I just wanted to suggest that we do more to weed out fake usernames that are either meant to be used as read only accounts (to get access to the pit and other places that are now or may in the future be only available to members) and accounts used for write access but only to post things that are all but trolling. I know the blatant troll accounts are immediately block as I have seen happen to admins who have tried to infiltrate this just to spam us but over IRC (#wikipedia on irc.freenode.net for those of you who are interested) I heard a discussion in regards to creating fake usernames specifically to spam this site and if nothing else to crowd the userlist with useless names with no posts.
Its already being delt with. And who are you anyways?
Fair enough but you do sound like you have a been a long time lurker here in the first place.
We do tend to keep an eye out for suspicious accounts. On average, I tend to suspend anywhere between two and five accounts a week. Obvious trolls are usually picked out with ease, as are accounts created with temporary email addresses (a la mailinator.com). I may eventually go through the member list and suspend accounts older than two weeks with no posts, but I don't see the need at this point.
Legal action will be taken against those who deliberately disrupt this website through spam denial-of-service attacks or otherwise.
I'm sure Daniel Brandt would love to help us match up IPs to names (although I can probably do most or all of it myself)
Deliberate vandalism to a website (forum or no) is punishable under international law or/as well as United States law including Title 18 of the U.S. Code to include the Computer Fraud and Abuse Act of 1986 and the National Information Infrastructure Protection Act.
Changed the topic title to something a bit more descriptive.
"http://en.wikiquote.org/wiki/Leon_Trotsky#Attributed", eh?
It would be very much appreciated if you or anyone else could supply me or any other administrator with a log of that conversation, and /whois nickname (which shows IP) of the IRC usernames that said the incriminating things. Thank you anyone for any help.
http://meta.wikimedia.org/wiki/IRC_Group_Contacts
I am very doubtful that Wikipedia members will have anything close to the tools needed for fast paced flooding.
Wget will do recursive crawling too. Looking at the site, I don't think the recursive crawl would work well. Even if it works, you'd end up with too much garbage.
I'd write a program that shells to Lynx -dump URL > outputfile
The first step is to make a text file of each of the 28 days, plus how many pages in each day.
Use this file to drive the program. This info is all you need to construct the URL for each fetch. By using Lynx, you already avoid about 35 percent of the characters in each file, because Lynx strips out the HTML.
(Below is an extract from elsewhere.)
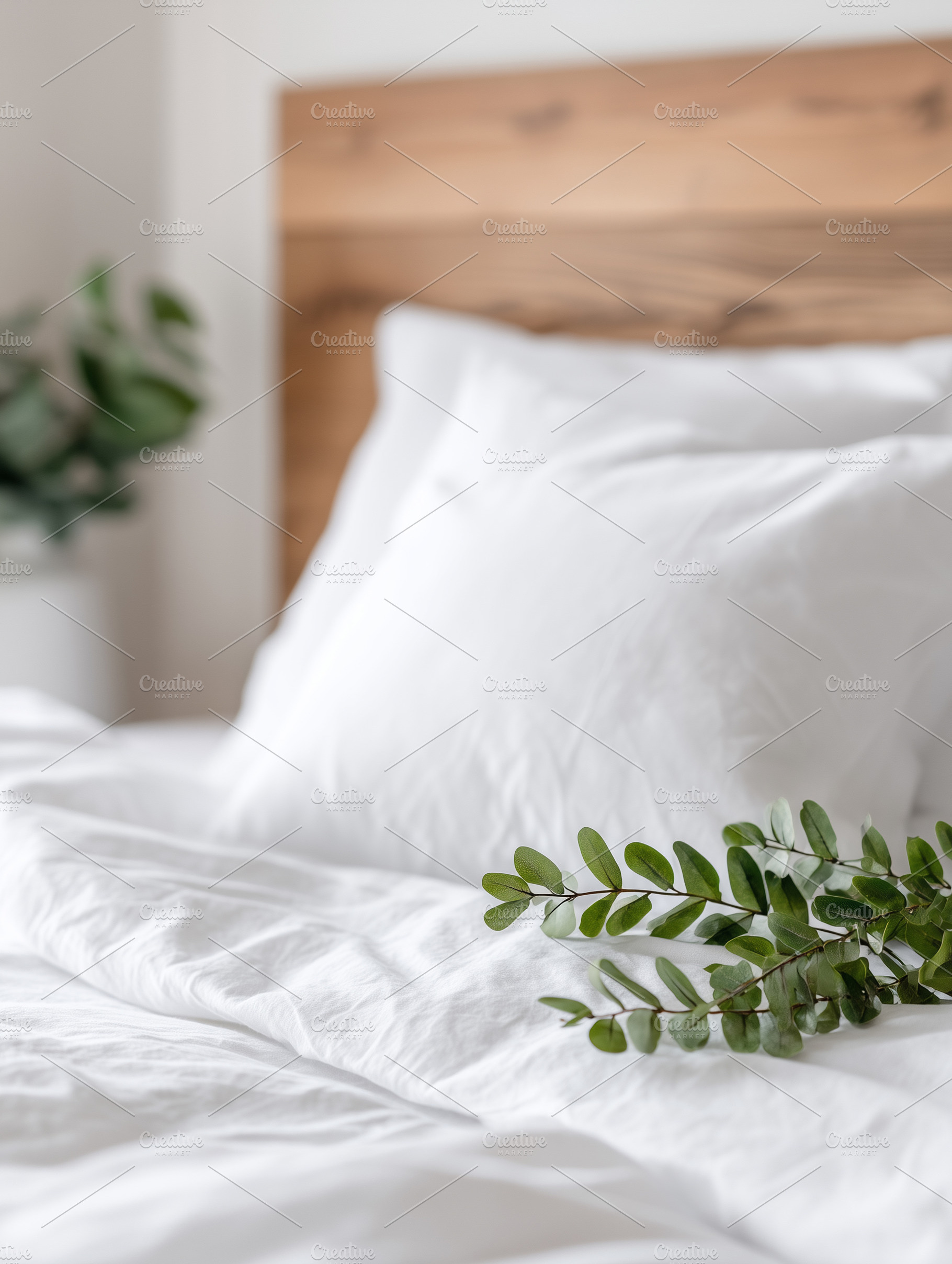 Minimalist bedroom with white, an Architecture Photo by MistyDay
After you get all your files, you can write a routine to parse out more noise at the top and bottom of each file that Lynx didn't delete. Make each line flush left by deleting any tabs or white space. Add the date to the time if it isn't there already. (The latest files include the date, but the early ones I looked at have the time only on each line.) Concatenate each of the 28 days into a single file for that day.
It would take a day of work, but it's probably worth doing. I just saw some of the stuff they were saying about me today on #wikipedia, and it's not very kind. Keeping a log like this could be evidence of their intent.
I know that Wikipedia considers these logs private, but as far as I know, there is no legal standing behind this policy. Is anyone aware of any legal problems with logging this stuff and making it searchable?
Finally, does anyone have a Linux program that can run stand-alone (no browser) that will log the channel? I don't know much about IRC -- have only played with it for a few weeks, and only with ChatZilla.
Better PM me on this; I'm sure they're listening.